Fort Worden was built in 1900, one of three major fortifications constructed on Puget Sound to defend the area from enemy attack. It now serves as a recreation, lodging and arts center, and Greg was glad to see these buildings weren’t torn down, but refurbished.

Port Angeles (where we’re staying tonight) is the former home of American poet and short story writer Raymond Carver, and his grave is in Oceanview Cemetery, which is west of downtown. On our way here, I told Greg I’d like to see it and he got all grumbly about it, like “Why do we have to go see some stupid grave? It’s just a grave; a rock with some words on it,” and I’m all, “I just wanna go, stop being all grumbly.”

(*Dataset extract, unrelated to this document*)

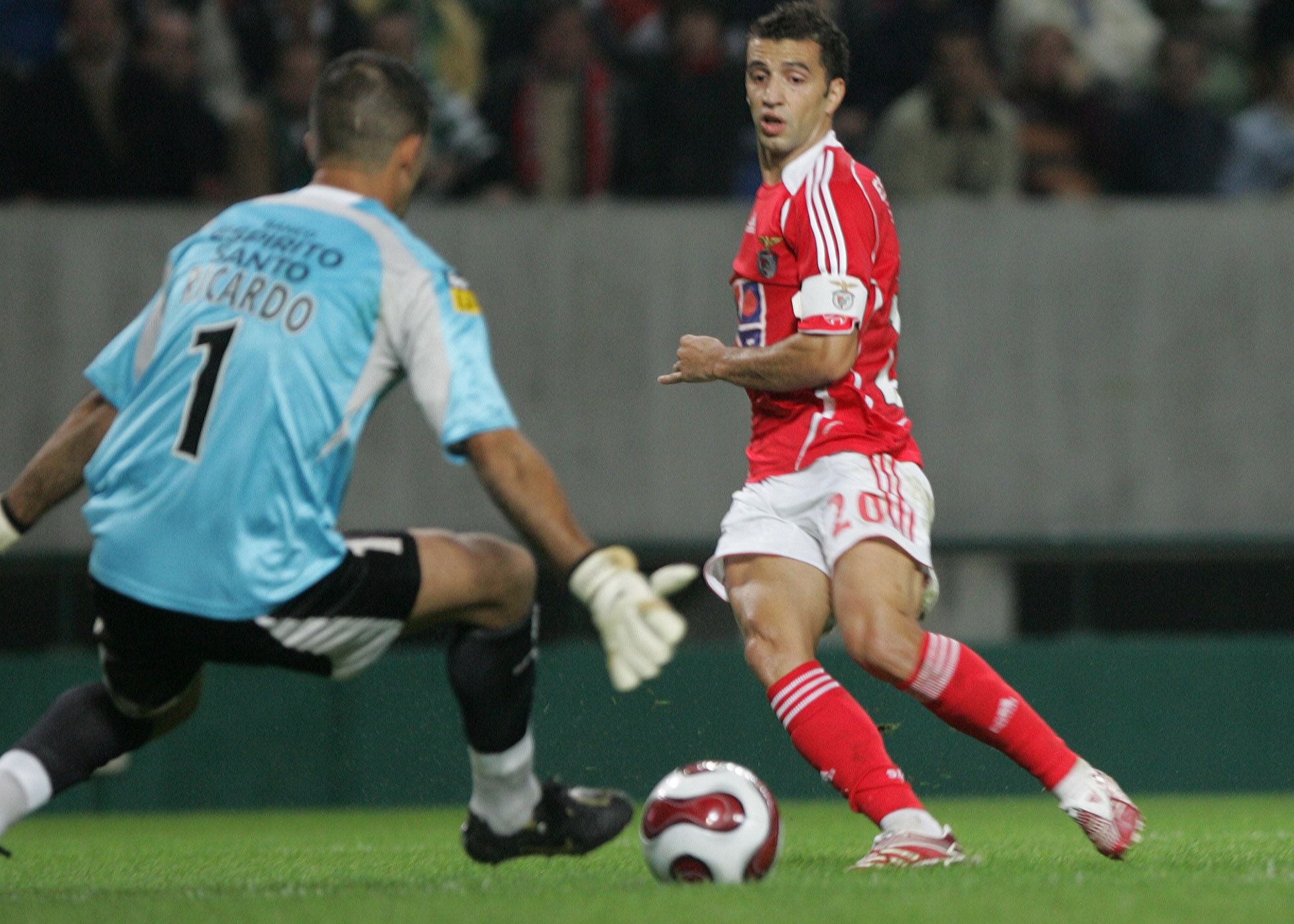 Simão Sabrosa (Benfica) - 4 golos em dérbis entre Benfica e Sporting, na Liga - Foto: A BOLA/Sérgio Miguel Santos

I’m not really a cemetery girl, I don’t often visit gravesites, but every now and then, it seems like an interesting thing to do.

I failed to bring my lucky red sweater with me on this trip, and I am really missing my sweater tonight. It was 61 degrees here at 8:30 p.m.– my bare legs were not happy with me. The 100-degree heat of eastern Oregon is long gone, as is the 85-degree heat of downtown Portland. I didn’t realize how cold Port Townsend and Olympic National Park would be– mostly because I had no idea where we were even going when we left home on Saturday.

Now I know. And it’s cold here. Silly me, I packed for summer heat. Dang!

That didn’t stop me from eating locally-made ice cream in Port Townsend today. Lavender Lemon Custard. Divine! Worth the shivers.